Re: [PATCH 2/7] node: Add heterogenous memory performance

From: Dan Williams
Date: Tue Nov 27 2018 - 02:00:25 EST


On Wed, Nov 14, 2018 at 2:53 PM Keith Busch <keith.busch@xxxxxxxxx> wrote:
>
> Heterogeneous memory systems provide memory nodes with latency
> and bandwidth performance attributes that are different from other
> nodes. Create an interface for the kernel to register these attributes
> under the node that provides the memory. If the system provides this
> information, applications can query the node attributes when deciding
> which node to request memory.
>
> When multiple memory initiators exist, accessing the same memory target
> from each may not perform the same as the other. The highest performing
> initiator to a given target is considered to be a local initiator for
> that target. The kernel provides performance attributes only for the
> local initiators.
>
> The memory's compute node should be symlinked in sysfs as one of the
> node's initiators.
>
> The following example shows the new sysfs hierarchy for a node exporting
> performance attributes:
>
> # tree /sys/devices/system/node/nodeY/initiator_access
> /sys/devices/system/node/nodeY/initiator_access
> |-- read_bandwidth
> |-- read_latency
> |-- write_bandwidth
> `-- write_latency

With the expectation that there will be nodes that are initiator-only,
target-only, or both I think this interface should indicate that.

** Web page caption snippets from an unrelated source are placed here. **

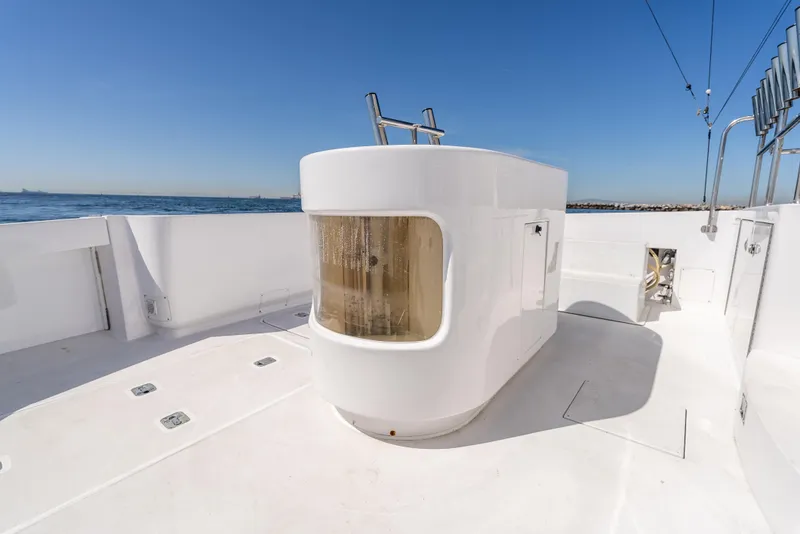 Slide: The Image of Hatteras 70 Convertible 2000 yacht deck with ocean view and clear blue sky. - 11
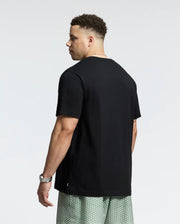 A man with short curly hair stands, glancing over his shoulder in a black Psycho Bunny Goldie Graphic Tee and patterned green shorts. A watch adorns his wrist, and the minimalistic white backdrop accentuates his cool style.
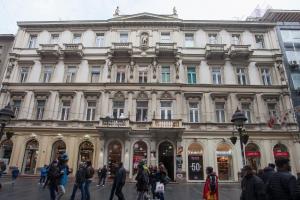 a large building with people walking in front of it at Knez Mihailova Apartman in Belgrade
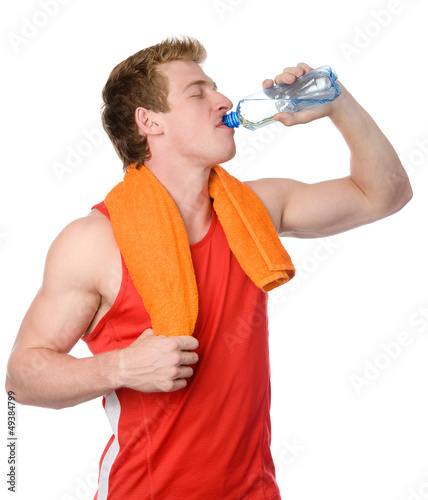 Photo: sportsman drinks water from a bottle. isolated on white sportsman drinks water from a bottle. isolated on white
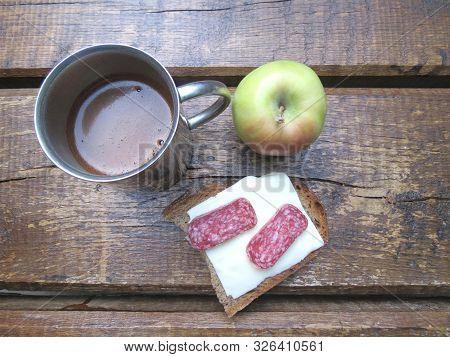 Coffee In Steel Thermo Mug, Sandwich And Apple On Wooden Table. Outdoor Morninig Meal, Breakfast Or 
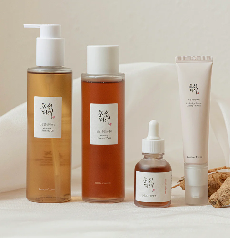 Elegant skincare products in minimalist packaging on a soft background.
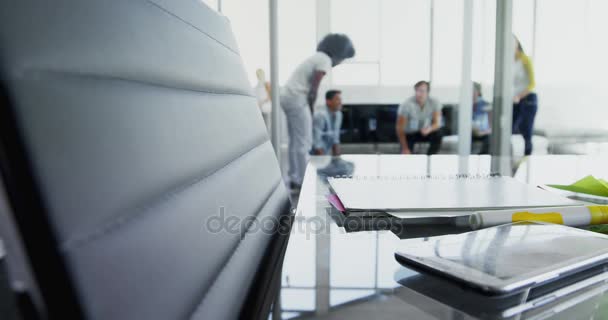 Telefone celular e documento na mesa enquanto os colegas discutem em segundo plano 4k — Vídeo de Stock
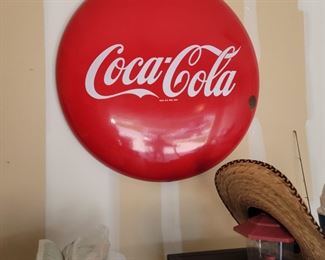 Antique metal Coca-Cola sign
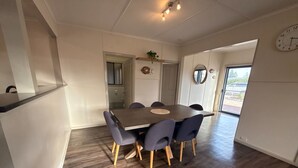 A modern kitchen with a dining area, wooden flooring, and a view through the door.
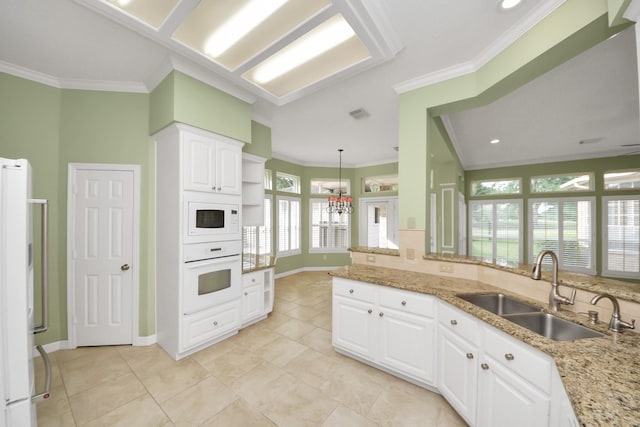 22127 Glen Arden Ln, Katy, TX 77450 - kitchen featuring white appliances, a sink, ornamental molding, light stone counters, and white cabinets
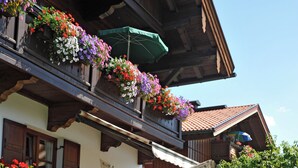 Un edificio tradizionale in legno con fioriere sul balcone e una struttura in legno a fitta struttura in primo piano.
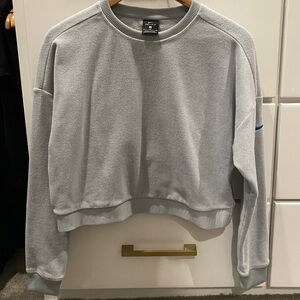 Nike medium light blue fleece crop sweatshirt side sip detail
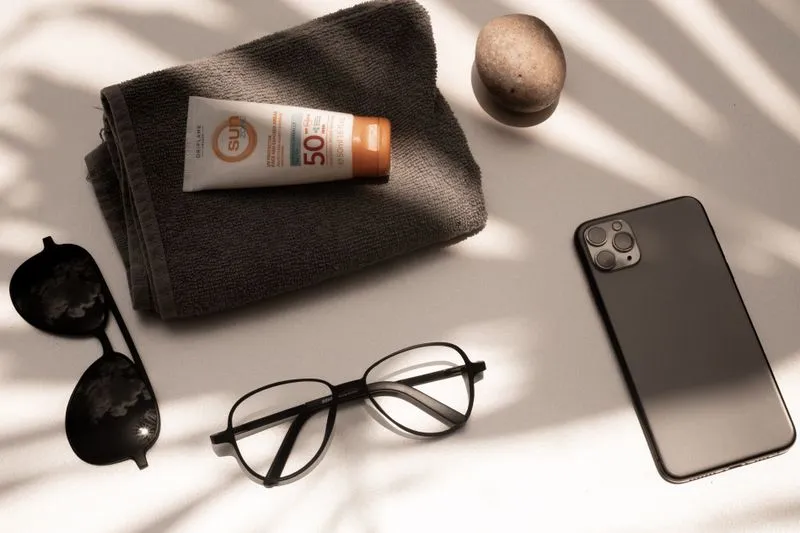 Tube de crème solaire SPF 50 sur une serviette, lunettes de soleil, lunettes de vue, galet et téléphone posés à côté, dans l'ombre de palmes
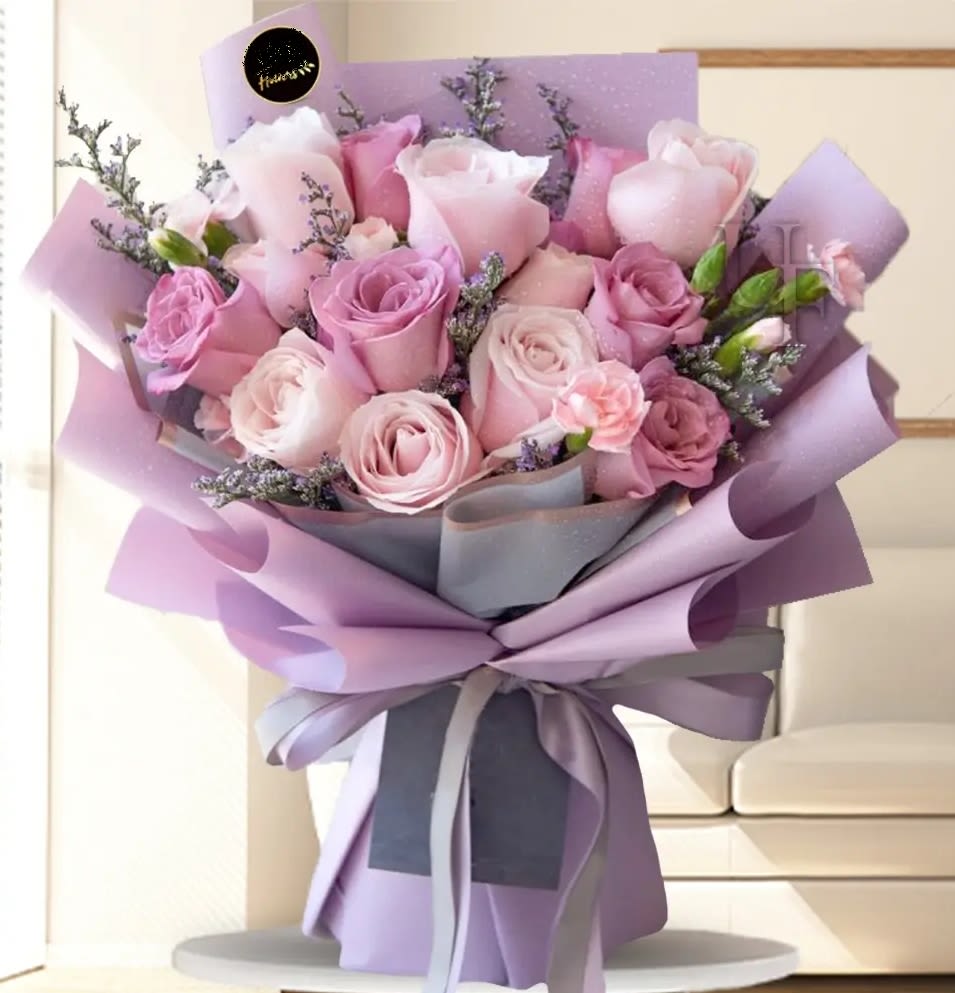 Bouquet of pink and lavender roses wrapped in purple paper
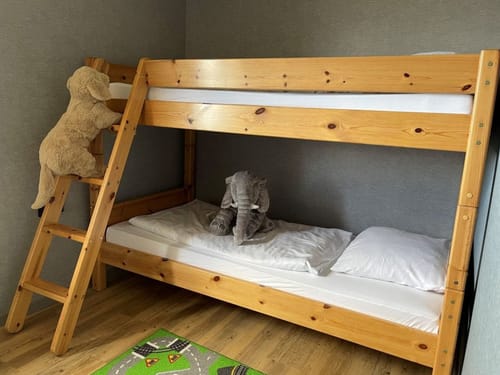 Kinderzimmer mit Hochbett aus Holz und Kuscheltieren.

The
1:1 "local" designation of HMAT should not be directly encoded in the
interface, it's just a shortcut for finding at least one initiator in
the set that can realize the advertised performance. At least if the
interface can enumerate the set of initiators then it becomes clear
whether sysfs can answer a performance enumeration question or if the
application needs to consult an interface with specific knowledge of a
given initiator-target pairing.

It seems a precursor to these patches is arranges for offline node
devices to be created for the ACPI proximity domains that are
offline-by default for reserved memory ranges.